# Required action
Output, word for word, the line that contains "Max (OCA Master)" and all lines after it in the records below, omitting pictures.

◇ ◇ ◇ ◇ ◇ ◇ ◇

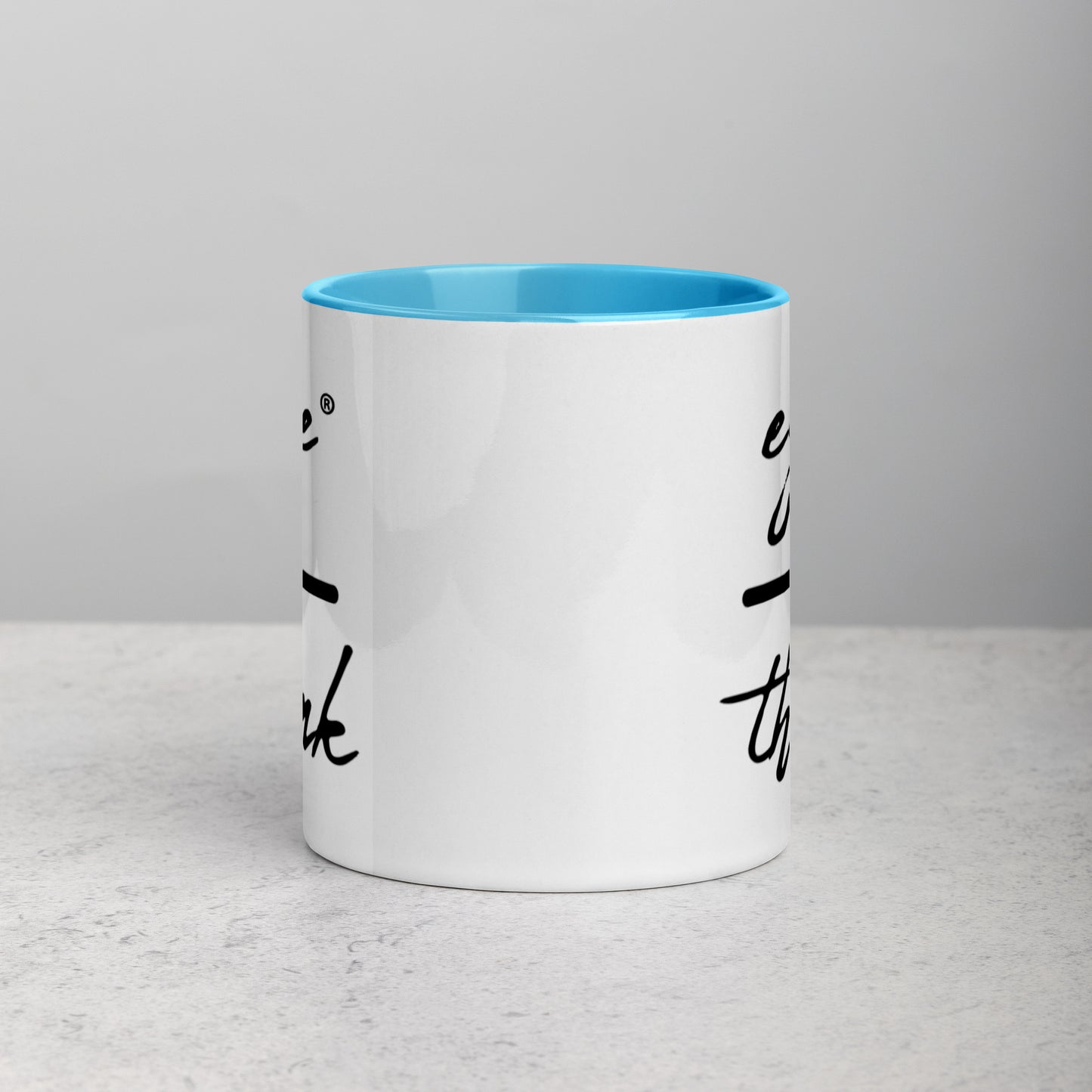 eyeoverthink® Mug with Color Inside
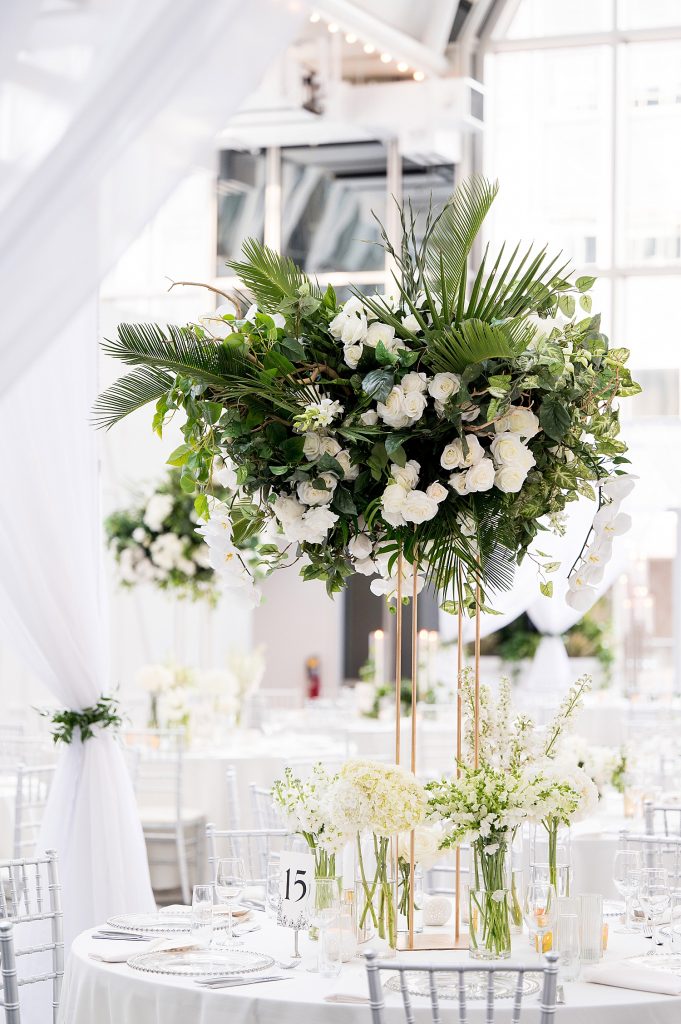 Modern Monochromatic Wedding at the Wintergarden at PPG Place. For more modern wedding ideas, visit burghbrides.com!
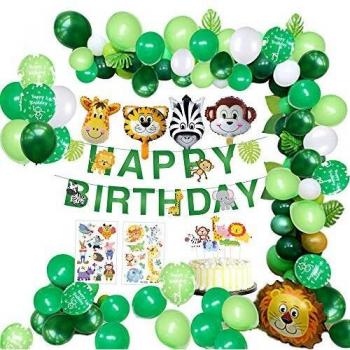 Décor Safari – Ballons Feuilles de Palmier pour Garçon
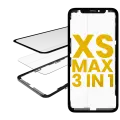 3 in 1  (Glass With OCA Pre-Installed + Frame) Compatible For iPhone XS Max (OCA Master)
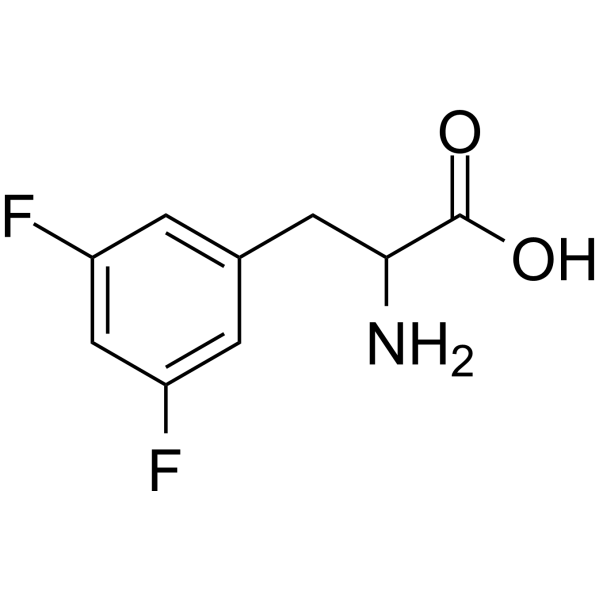 3,5-Difluoro-DL-phenylalanine Chemical Structure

◇ ◇ ◇ ◇ ◇ ◇ ◇

# Problem solution
 3 in 1  (Glass With OCA Pre-Installed + Frame) Compatible For iPhone XS Max (OCA Master)
 3,5-Difluoro-DL-phenylalanine Chemical Structure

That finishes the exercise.